In the early days, the Romans and Greeks employed body marks such as tattoos on gladiators, slaves and prisoners as a means to identify them from the rest of the villagers but in the recent year tattooing has become fashion statement and is generally common among males. The more tattoos on the body, the tougher the image but that too has changed as soon as awareness and freedom of expression took on a new level. Tattooing has also become common with women too and has become an excellent mode of showing the world their feelings and interests, even their sensuality.

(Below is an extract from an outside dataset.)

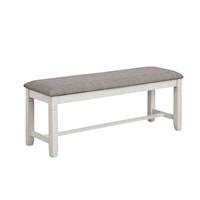 Transitional Upholstered Bench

Of all the mythical creatures, the dragon is the most universal and is prominently featured in hundreds of cultures that represent the elements and the four points of the compass. In the Far East dragons symbolizes Water, Earth, Underworld and Sky and in the West it is more often a early enemy with whom combat is considered the ultimate supreme test. The dragon is a culturally far-ranging character whose apparent bad temper should be interpreted as simply amoral, neither good nor evil. Nature nurtures as well as destroys and so too does the dragon and probably for this reason its meaning as a symbol is not always consistent. Rain, lightning, floods, comets in the night sky – all the chaos and uncertainty of the Universe can be represented by the symbol of the dragon.

The image of dragon is the prototype of dinosaur. It has always been imagined breathing fire. Those are called fire dragon. There are water dragon tattoos also that causes the springs to bubble up, but also drowned people. But whatever be the type of dragon it may be, powerful dragons are often balanced with other tattoo designs that symbolize aspects of yin and yang. The several aspects of yin and yang reflects that no quality of its opposite, nor so pure that it does not contain its opposite in a diminished form. Although the fire dragon tattoo is thought to conquer all things and water dragon tattoo represents fears or repressed feelings or emotions. To the Chinese, the fire-spitting dragon was principally associated with lightning, and by extension to thunder and rainmaking, which made it a symbol of fertility while the Ancient Emperors and Celtic kings adopted the dragon as a symbol of the rhythm of existence that ensured order and prosperity. According to Jungian psychologists the water dragon symbolizes the deeper reaches of our subconscious.

As with most cultural and artistic styles and trends, tattoos and tattooing have endured various cycles of popularity, waxing and waning over the years, but never far from the people's imagination.